**WHAT THE TASK REQUIRES:** Write out exactly the lines below starting at the one containing "Load image into" and ending at the one containing "DVI ディスプレイポートケーブル". Omit every picture.

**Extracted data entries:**
________________________

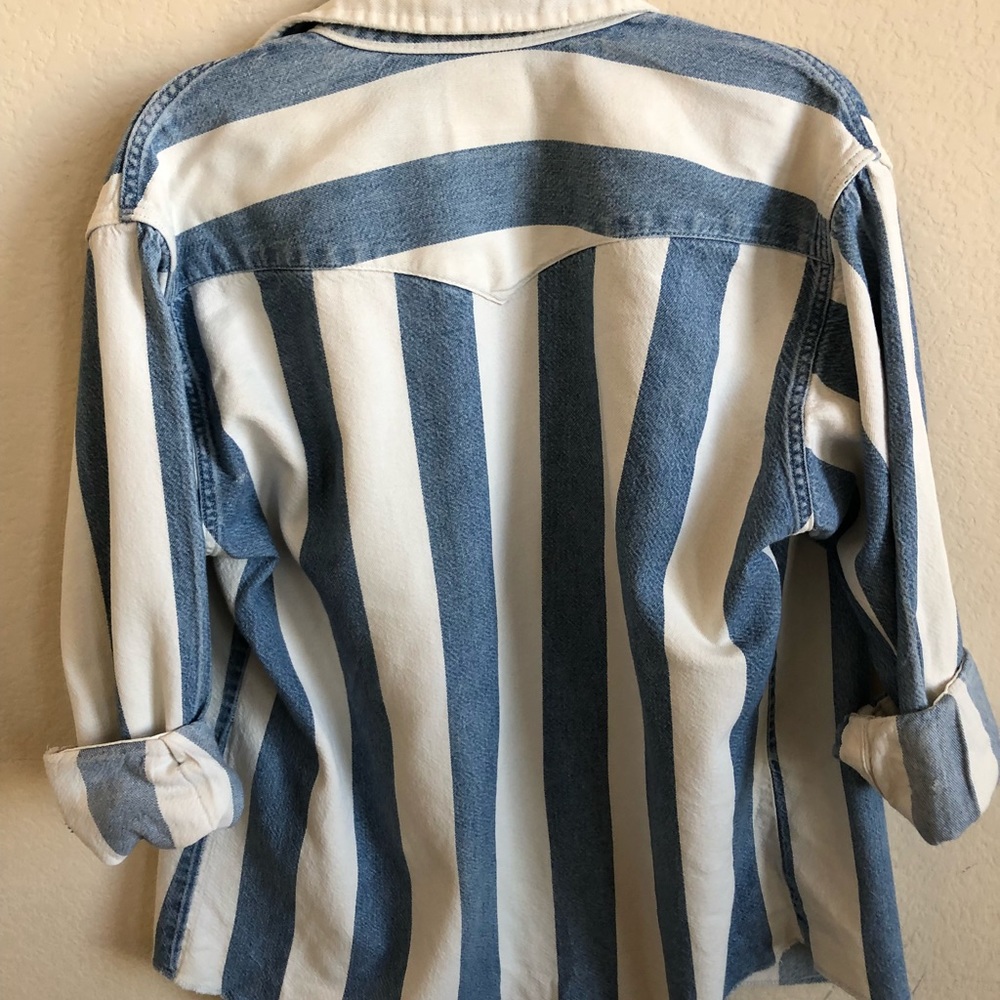 Denim shirt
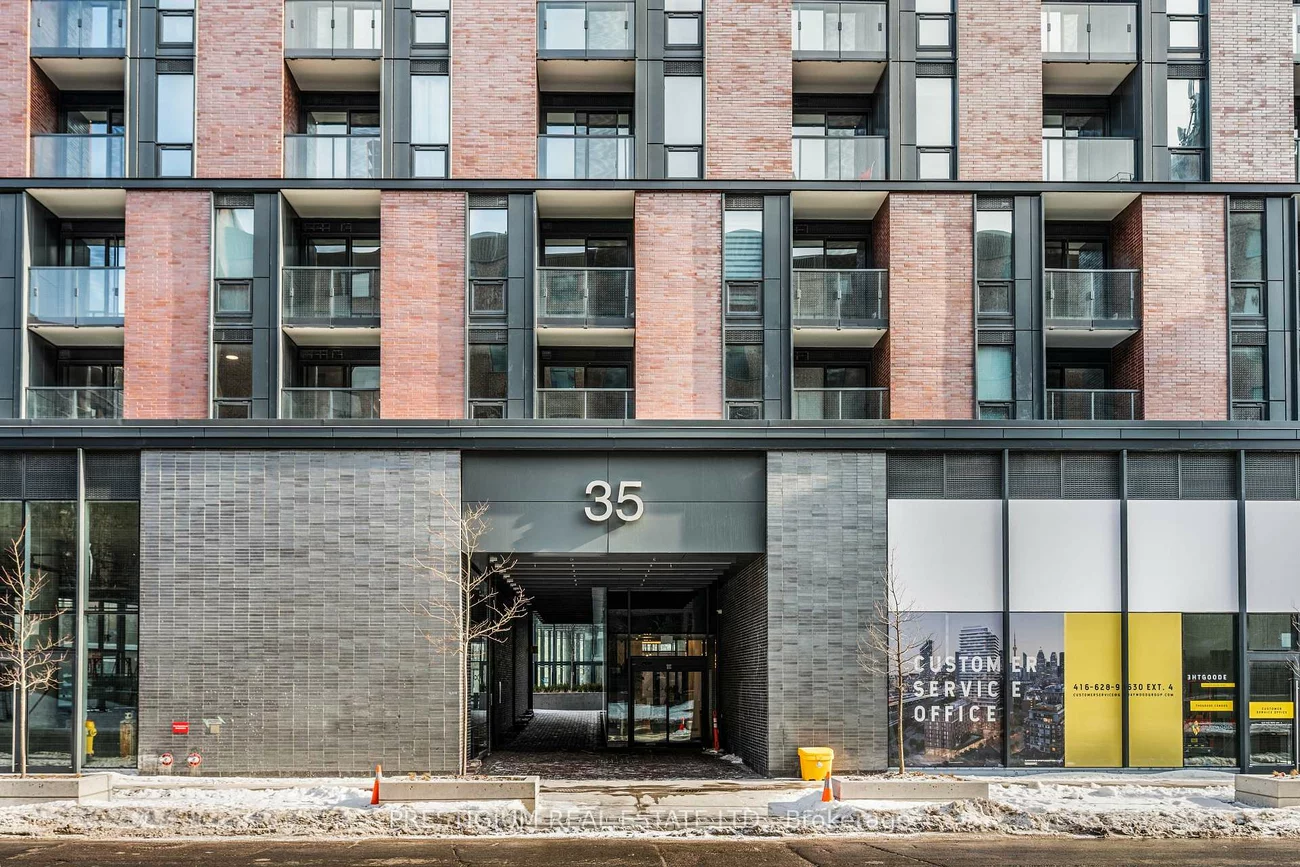 35, Parliament, Waterfront Communities C8, Toronto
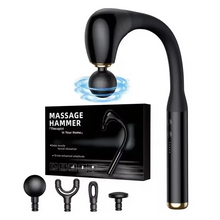 Load image into Gallery viewer, 2025 Curved Smart Electric Massage Gun - Handheld Deep Tissue Massager
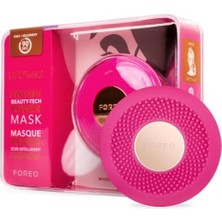 Mena Rise Ufo Mini 2 Power Maske ve Işık Bakım Cihazı Koyu Pembe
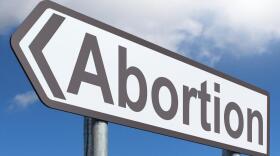 Abortion sign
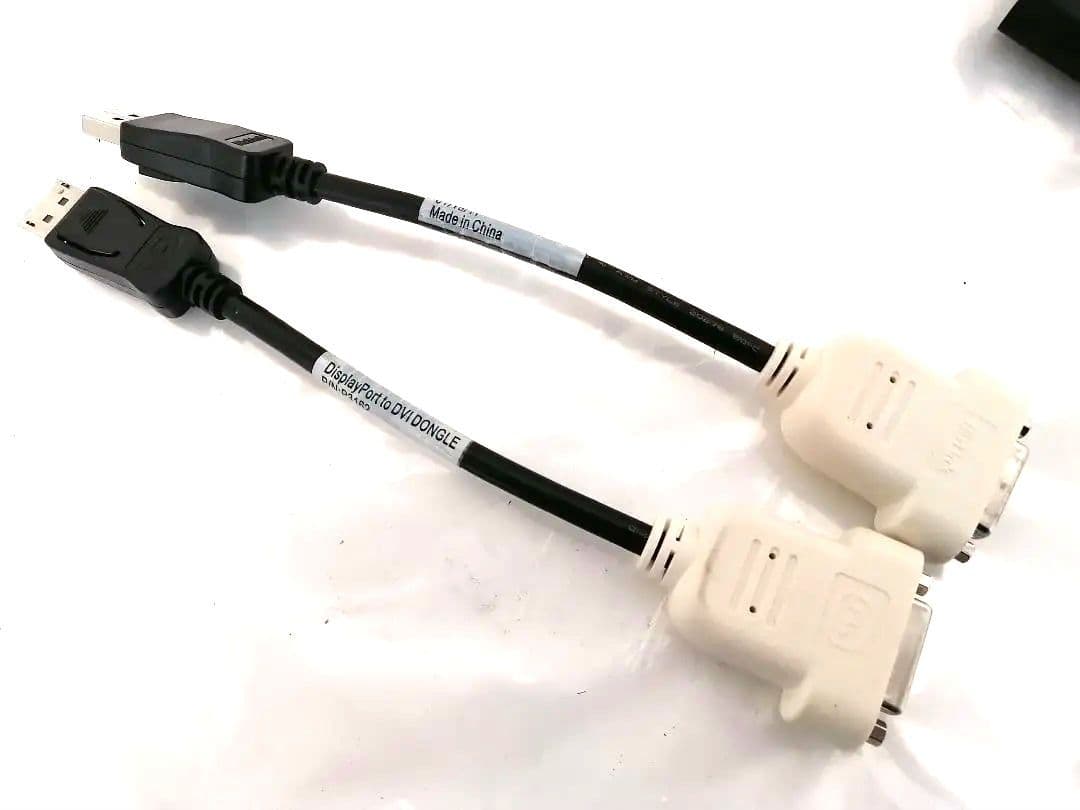 DVI ディスプレイポートケーブル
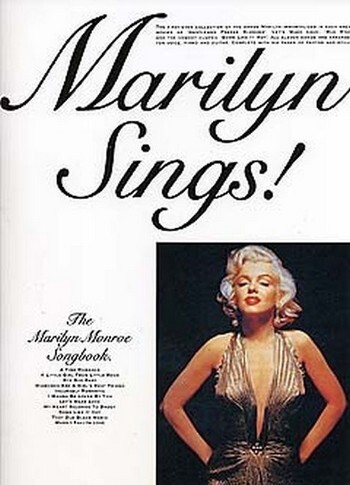 Cover: 9780711927124 | Marilyn Sings | Songbuch (Gesang, Klavier und Gitarre) | Music Sales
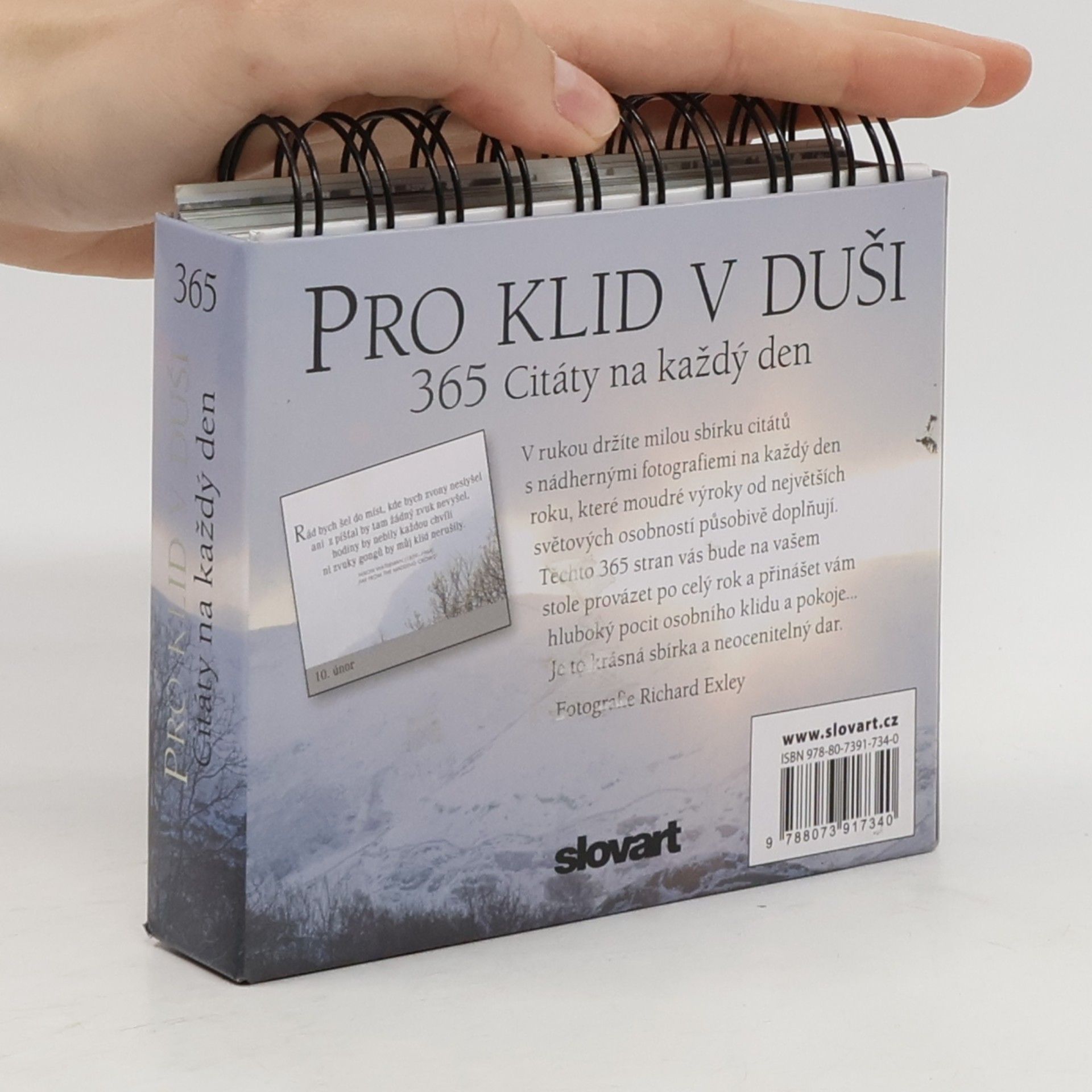 Helen Exley Pro klid v duši. 365 citáty na každý den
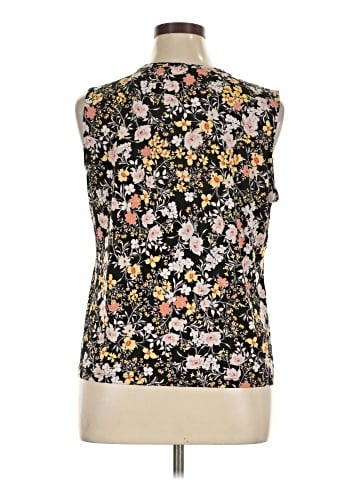 Liz Claiborne Career Sleeveless Blouse (view 2)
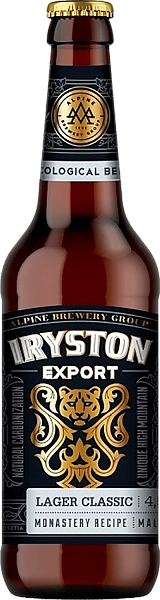 Iryston Export Lager Classic, 0.45 л в Перми
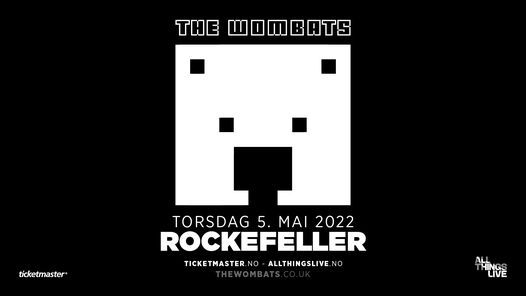 The Wombats \/\/ Rockefeller \/\/ Pres. av All Things Live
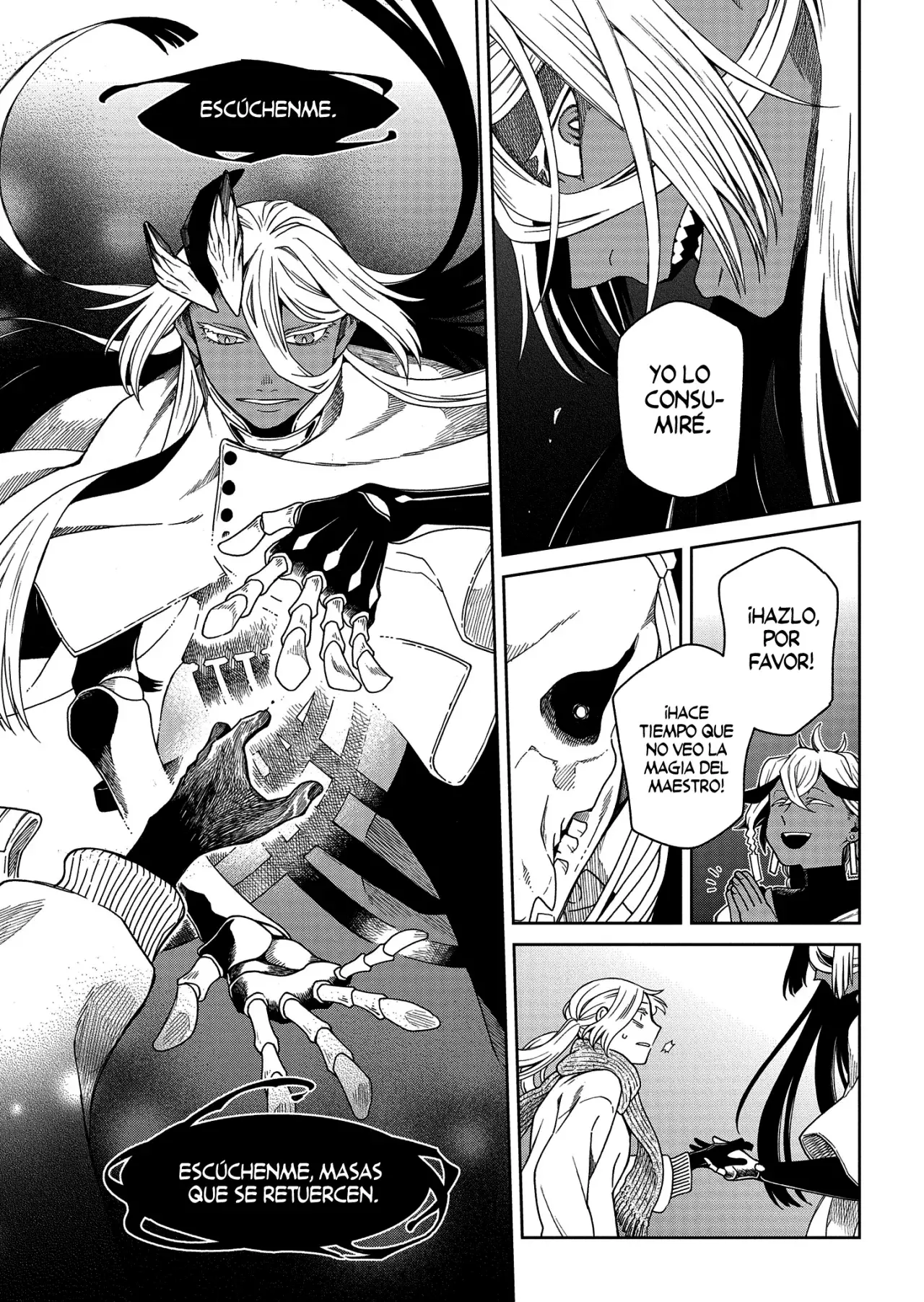 Mahou Tsukai No Yome Capítulo 96 - Página 49 en español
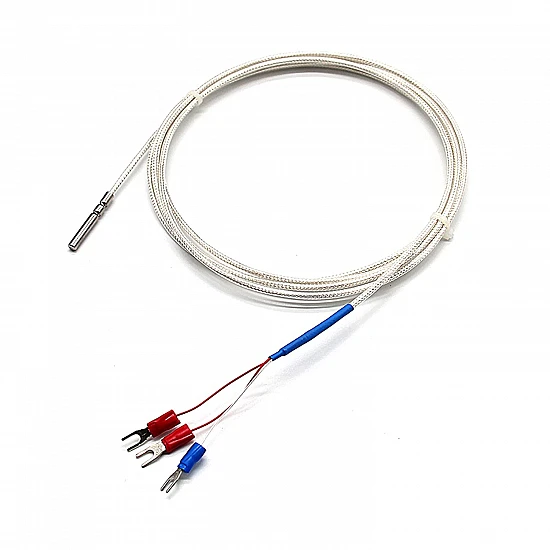 PT100 Temperature Sensor Probe 3 Wire PT100 Temperature Sensor Probe 3 Wire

________________________

**RESULT:**
 Load image into Gallery viewer, 2025 Curved Smart Electric Massage Gun - Handheld Deep Tissue Massager
 Mena Rise Ufo Mini 2 Power Maske ve Işık Bakım Cihazı Koyu Pembe
 Abortion sign
 DVI ディスプレイポートケーブル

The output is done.